In 1937, FM upgraded the 38D8 to produce more power. The drive chain linking the two crankshafts was replaced with a vertical shaft and bevel gears. The bore was increased by .125 in (3 mm) to 8.125 in (206 mm), and cylinders were added to create 9- and 10-cylinder engines. The new engine was designated 38D8-1/8. With the larger bore and 10 cylinders, the engine displaced 10,370 cu in (169.9 L) and produced 1,600 hp (1,193 kW) at 720 rpm. Approximately 1,650 38D8-1/8 engines were built during World War II. The engine was eventually offered with 4, 5, 6, 8, 9, 10, and 12 cylinders and with or without turbocharging. Although changes have been incorporated over the years, the FM OP 38D8-1/8 remains in production today.

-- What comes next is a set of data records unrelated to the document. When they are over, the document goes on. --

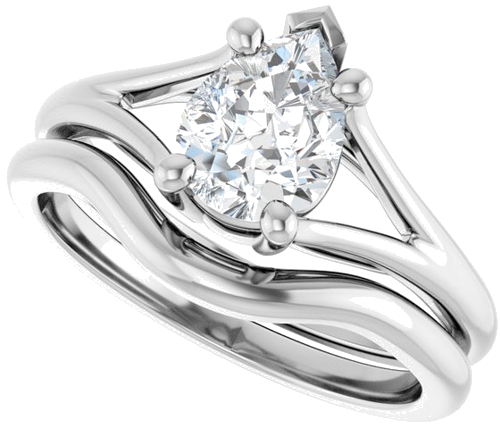 Sužadėtuvių Žiedas „Solitaire Split-Shank“ 14k white gold Pear 8mm x 6mm (10)
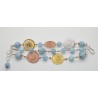 Bracciale in argento bianco, rosa, giallo 925 millesimi con acquamarina milk e labradorite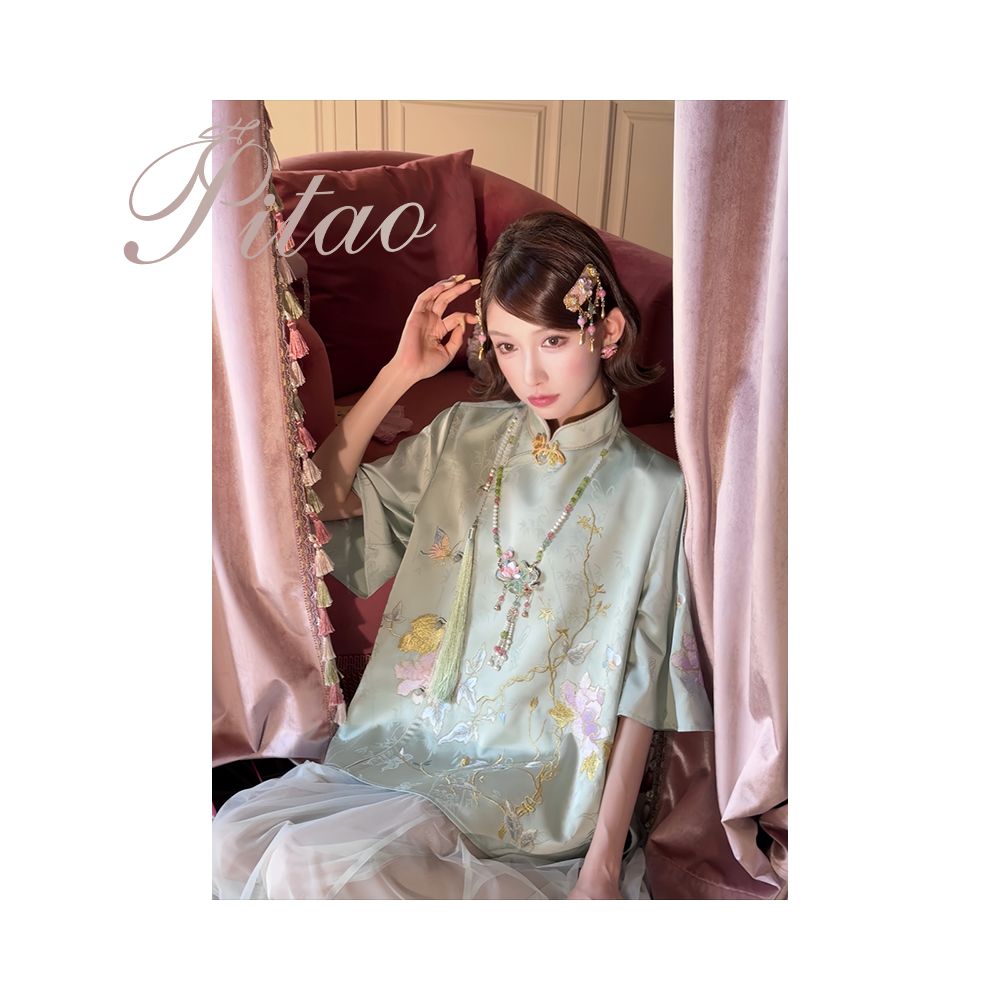 Du Butt Peach Original Garden Dream 3 0 New Chinese Women s Quiet Luxury Chinese Style Jacquard Embroidery Satin Set image 4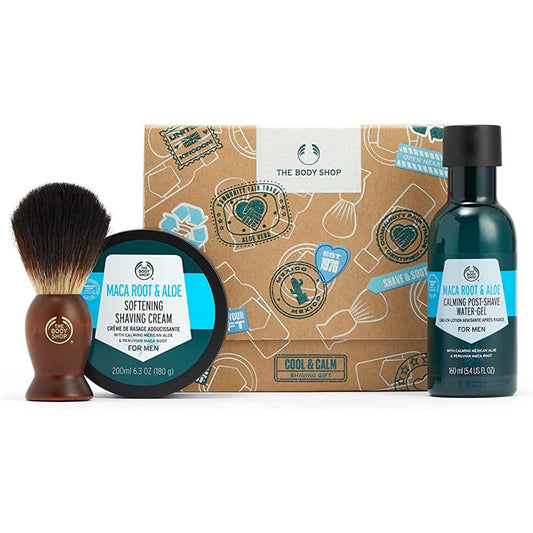 The Body Shop Cool & Calm Shaving Set – Maca Root & Aloe Shave Cream For Men 200ml, Maca Root & Aloe Post-Shave Gel 160ml & A Shaving Brush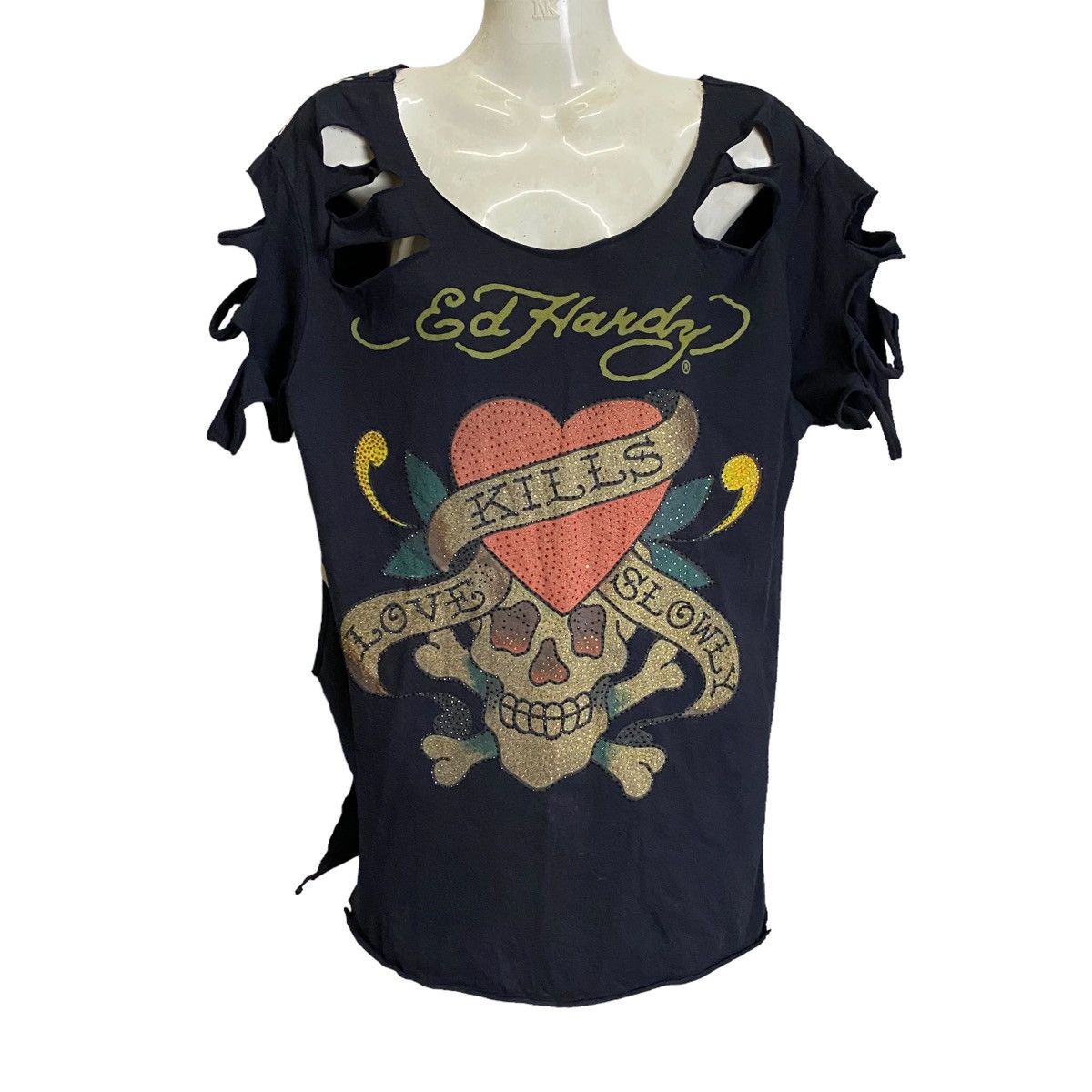 Ed Hardy Ed Hardy X Black Pepper distressred design tee Size ONE SIZE - 1 Thumbnail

In 1939, FM developed a scaled-down version of the 38D to be used as an auxiliary power unit. This engine was designated 38E5-1/4, and it had a 5.25 in (133 mm) bore and a 7.25 in (184 mm) stroke (x 2). The engine was available with three, five, or seven cylinders. The 7-cylinder 38E5-1/4 displaced 2,197 cu in (36.0 L) and produced 467 hp (348 kW) at 1,200 rpm. Around 630 38E5-1/4 engines were built during World War II.
Based on the development of the Model 38-series, the Navy approached FM in early 1940 with a request to design and build a 3,000 hp (2,237 kW) opposed-piston engine for submarine use. With the prospect of war looming on the horizon, FM quickly went to work on the new engine design and assigned Robert Beadle as the program’s head engineer. The engine borrowed the basic cylinder design from the 38E5-1/4, but the engine was of a diamond configuration with a crankshaft at each corner. This gave the engine four banks of six opposed-piston cylinders resulting in a total of 24 cylinders.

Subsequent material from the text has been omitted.